SEACR exhibits competitive run time and read–write memory allocation
To evaluate SEACR’s run time and memory usage in comparison with other peak callers, we measured run time, average disk read memory, and average disk write memory for instances of H3K27me3 peak calling described above. SEACR was superior or competitive with all peak callers tested in all three metrics (Fig. 5a–c). Notably, for every read subsampling level tested, SEACR finished in less than 5 min on average, demonstrating that SEACR is scalable for datasets of vastly different sizes (Fig. 5a). We conclude that SEACR is a fast and efficient method for peak calling from a range of CUT&RUN datasets.

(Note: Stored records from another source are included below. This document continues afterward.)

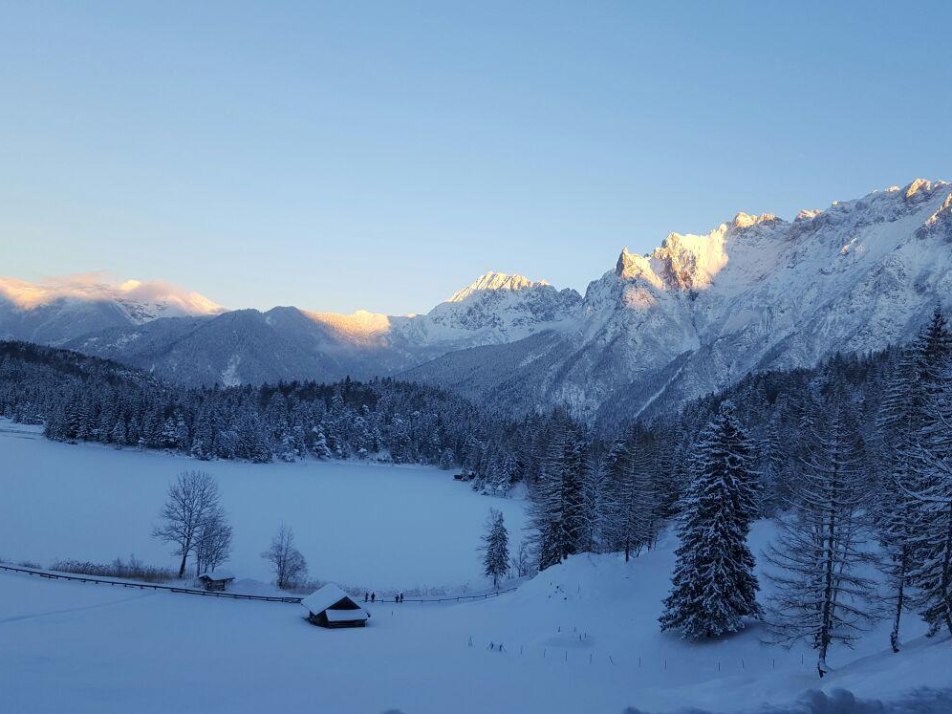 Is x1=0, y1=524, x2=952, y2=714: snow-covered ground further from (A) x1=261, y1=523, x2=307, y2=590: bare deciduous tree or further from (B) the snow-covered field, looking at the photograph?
(A) x1=261, y1=523, x2=307, y2=590: bare deciduous tree

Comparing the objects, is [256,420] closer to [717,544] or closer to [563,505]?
[563,505]

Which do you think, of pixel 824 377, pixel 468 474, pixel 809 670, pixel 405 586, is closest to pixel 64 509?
pixel 405 586

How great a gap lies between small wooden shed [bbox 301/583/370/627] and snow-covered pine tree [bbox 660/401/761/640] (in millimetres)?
17247

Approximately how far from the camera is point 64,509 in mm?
68000

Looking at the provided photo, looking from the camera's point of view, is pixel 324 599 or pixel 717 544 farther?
pixel 324 599

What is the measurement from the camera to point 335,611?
37031mm

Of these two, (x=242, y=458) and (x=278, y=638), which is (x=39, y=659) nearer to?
(x=278, y=638)

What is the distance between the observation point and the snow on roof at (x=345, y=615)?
3675 cm

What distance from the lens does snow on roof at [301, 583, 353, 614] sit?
122 feet

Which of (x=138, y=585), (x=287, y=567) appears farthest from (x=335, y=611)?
(x=287, y=567)

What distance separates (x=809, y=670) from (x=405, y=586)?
34766mm

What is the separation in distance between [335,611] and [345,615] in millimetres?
628

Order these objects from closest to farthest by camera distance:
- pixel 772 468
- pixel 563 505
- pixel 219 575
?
1. pixel 219 575
2. pixel 563 505
3. pixel 772 468

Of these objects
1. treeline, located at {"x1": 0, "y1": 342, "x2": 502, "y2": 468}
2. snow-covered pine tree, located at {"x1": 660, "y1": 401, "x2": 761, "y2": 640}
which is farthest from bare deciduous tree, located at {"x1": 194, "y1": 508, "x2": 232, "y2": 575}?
treeline, located at {"x1": 0, "y1": 342, "x2": 502, "y2": 468} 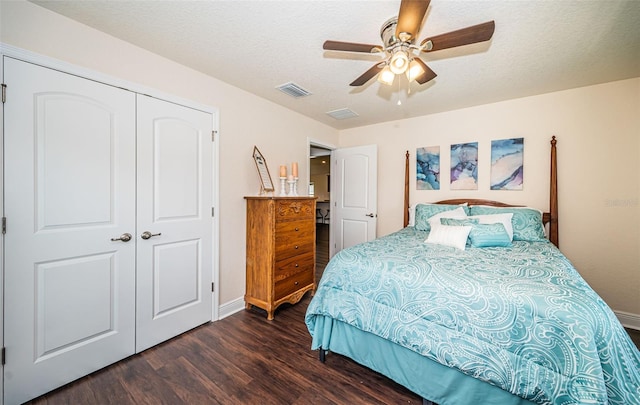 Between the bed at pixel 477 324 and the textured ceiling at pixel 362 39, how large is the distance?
1558 millimetres

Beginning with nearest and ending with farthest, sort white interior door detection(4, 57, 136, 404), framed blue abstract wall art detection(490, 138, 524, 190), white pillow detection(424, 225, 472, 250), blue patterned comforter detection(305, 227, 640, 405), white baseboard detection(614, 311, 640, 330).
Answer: blue patterned comforter detection(305, 227, 640, 405)
white interior door detection(4, 57, 136, 404)
white pillow detection(424, 225, 472, 250)
white baseboard detection(614, 311, 640, 330)
framed blue abstract wall art detection(490, 138, 524, 190)

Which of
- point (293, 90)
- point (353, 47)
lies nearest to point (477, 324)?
point (353, 47)

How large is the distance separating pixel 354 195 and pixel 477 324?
292 centimetres

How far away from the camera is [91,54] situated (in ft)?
5.73

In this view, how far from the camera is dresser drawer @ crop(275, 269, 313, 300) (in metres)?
2.61

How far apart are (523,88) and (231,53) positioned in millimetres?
3047

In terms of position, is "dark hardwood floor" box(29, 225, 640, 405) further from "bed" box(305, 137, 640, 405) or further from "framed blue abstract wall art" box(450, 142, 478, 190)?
"framed blue abstract wall art" box(450, 142, 478, 190)

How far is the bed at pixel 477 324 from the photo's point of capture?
1.09 metres

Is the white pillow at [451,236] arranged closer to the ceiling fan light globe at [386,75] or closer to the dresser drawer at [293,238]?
the dresser drawer at [293,238]

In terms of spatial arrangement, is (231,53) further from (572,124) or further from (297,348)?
(572,124)

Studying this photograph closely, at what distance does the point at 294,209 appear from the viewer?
9.14ft

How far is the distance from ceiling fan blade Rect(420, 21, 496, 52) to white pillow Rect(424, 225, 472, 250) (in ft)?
4.89

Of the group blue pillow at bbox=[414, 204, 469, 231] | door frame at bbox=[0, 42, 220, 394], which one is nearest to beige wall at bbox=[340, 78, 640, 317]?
blue pillow at bbox=[414, 204, 469, 231]

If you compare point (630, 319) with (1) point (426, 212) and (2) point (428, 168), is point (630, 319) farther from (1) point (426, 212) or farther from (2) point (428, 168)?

A web server for rapid desktop analysis using SEACR
In the interest of disseminating SEACR as widely as possible to users with limited expertise in bioinformatics, we developed a SEACR web server (http://seacr.fredhutch.org) for plug-and-play analysis of CUT&RUN data (Fig. 6a, b). The web server accepts bedgraph files of up to 500 Mb as inputs, enables users to toggle desired parameters (normalized or non-normalized mode, and stringent or relaxed mode), reports progress during run time, and provides a link to a downloadable BED file containing the results. We anticipate that the SEACR web server will make rapid CUT&RUN analysis accessible for the broader community.